Papua juga menjadi provinsi dengan skor indeks pembangunan teknologi informasi terendah di Indonesia sampai 2015, yakni 2,91. Di bawah NTT (3,26), Sulbar (3,33), dan NTB (3,67). Daftar 10 provinsi dengan indeks terendah terlihat dalam Databoks berikut:
Masih Perlukah Dana Otsus?
Tak efektifnya pelaksanaan Otsus Papua dan Papua Barat pernah disoroti mantan tahanan politik Papua, Filep Karma. Ia menilainya telah gagal dan tak setuju wacana pemerintah merevisi UU Otsus yang akan berakhir pada tahun depan agar bisa melanjutkannya, termasuk penggelontoran dana.
“Otsus dijanjikan bukan berjilid-jilid, hanya satu kali,” katanya melansir Tirto.Id, Senin (27/7) lalu.
Filep menyatakan selama pelaksanaan Otsus tersebut pelanggaran HAM juga terus terjadi. Hal ini sesuai dengan laporan Amnesty Internasional Indonesia bertajuk Sudah, Kasi Tinggal Dia Mati: Pembunuhan dan Impunitas di Papua bahwa, sepanjang Januari 2010 hingga Februari 2018 ada 69 kasus pembunuhan di luar hukum di Papua.
Pendapat berbeda disampaikan Peneliti LIPI sekaligus Koordinator Jaringan Damai Papua-Jakarta Adriana Elisabeth. Menurutnya, Otsus tetap perlu dilanjutkan termasuk penganggaran dananya. “Papua dan Papua Barat tanpa Otsus itu mau bagaimana?” katanya saat dihubungi reporter Katadata.co.id, Selasa (18/8).
Lagi pula, menurutnta, konsekuensi tanpa Otsus adalah orang asli Papua akan kehilangan afirmasi politik di pemerintahan yang selama ini dinikmati. Mereka akan bersaing terbuka dengan pendatang untuk menduduki jabatan politik di sana.
“DPRP dan MRP juga akan dibubarkan, apa sudah siap dengan konsekuensi itu?” katanya.
Meski begitu, ia tetap membenarkan bahwa Otsus belum efektif. Salah satu penyebabnya adalah belum sesuai dengan kebutuhan dan kondisi orang asli sana. Sebaliknya masih berdasarkan permintaan atau usulan pemerintah provinsi.

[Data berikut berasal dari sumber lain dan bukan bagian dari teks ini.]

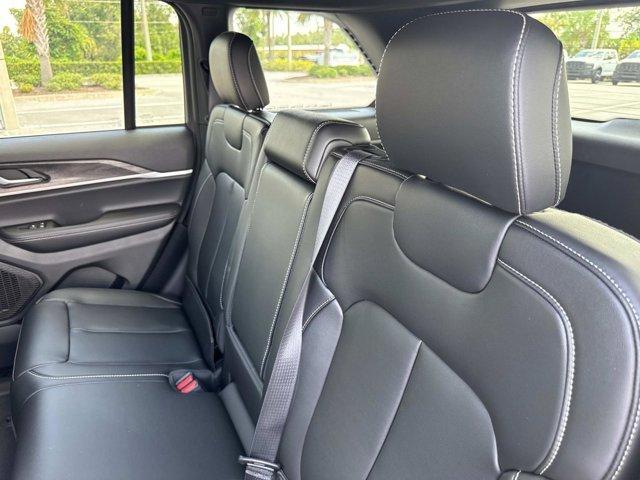 new 2025 Jeep Grand Cherokee car, priced at $43,904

“Pemerintah provinsi kan hanya menyambung hubungan dengan pusat saja. Itu harus dari kampung, karena kondisinya di situ,” kata Adriana.
Adriana mencontohkan pendidikan yang menjadi fokus utama pelaksanaan dana Otsus. Semestinya pemerintah membuat kurikulum khusus berdasarkan kondisi etnografis 7 wilayah adat di sana yang dikombinasikan dengan kurikulum nasional. Bisa dengan memasukkan konten lokal di dalamnya.

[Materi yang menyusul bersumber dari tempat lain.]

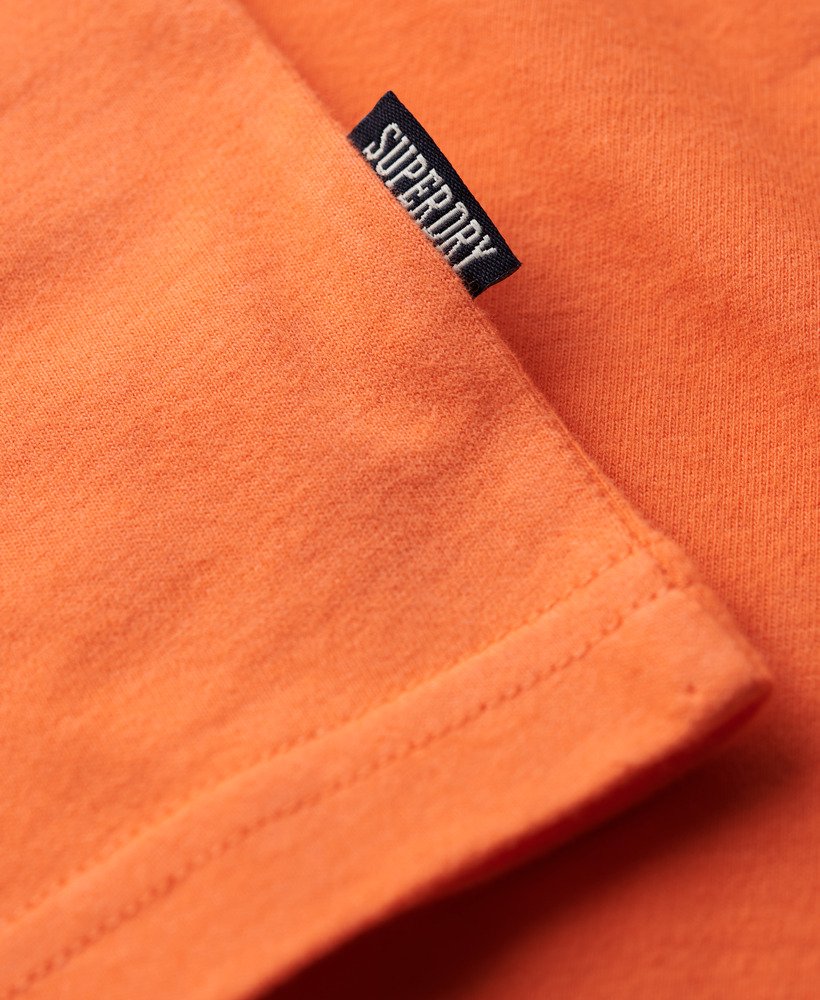 koszulka z organicznej bawełny essential z dekoltem w serek i logo w kolorze sunburst coral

Metode pembelajarannya, kata Adriana, juga mesti disesuaikan dengan kondisi masyarakatnya. Misalnya dengan menerapkan pembelajaran secara visual yang menurutnya lebih mudah diterima orang asli Papua.

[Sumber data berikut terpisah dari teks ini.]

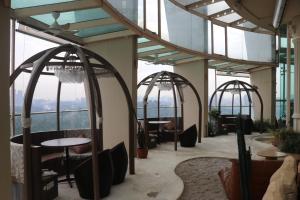 Regalia SkyPool8
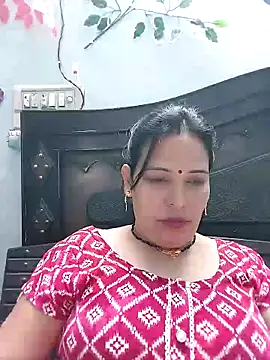 Snapshot of Poojabhabi101 chatting on October 29, 7:10 am Poojabhabi101 online show from October 29, 7:10 am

“Perlu juga menambah sumber daya manusia pengajar di sana dan programnya harus berkelanjutan,” kata Adriana.
Adriana juga menyoroti pengelolaan yang masih buruk sebagai penyebab belum efektifnya pemanfaatan dana Otsus. Seperti halnya temuan Badan Pemeriksa Keuangan (BPK) pada 2011, bahwa Rp 4,281 triliun dana Otsus disalahgunakan sepanjang 2002-2010 dari total Rp 28,842 triliun.
Guna menyelesaikannya, kata Adriana, pemerintah perlu mengevaluasi tata kelola pemerintahan di Papua dan Papua Barat. Ia pun meminta pemerintah menggalakkan penegakan hukum. Mengingat, tanpa keduanya mustahil pemanfaatan dana Otsus efektif meskipun terus bertambah setiap tahunnya.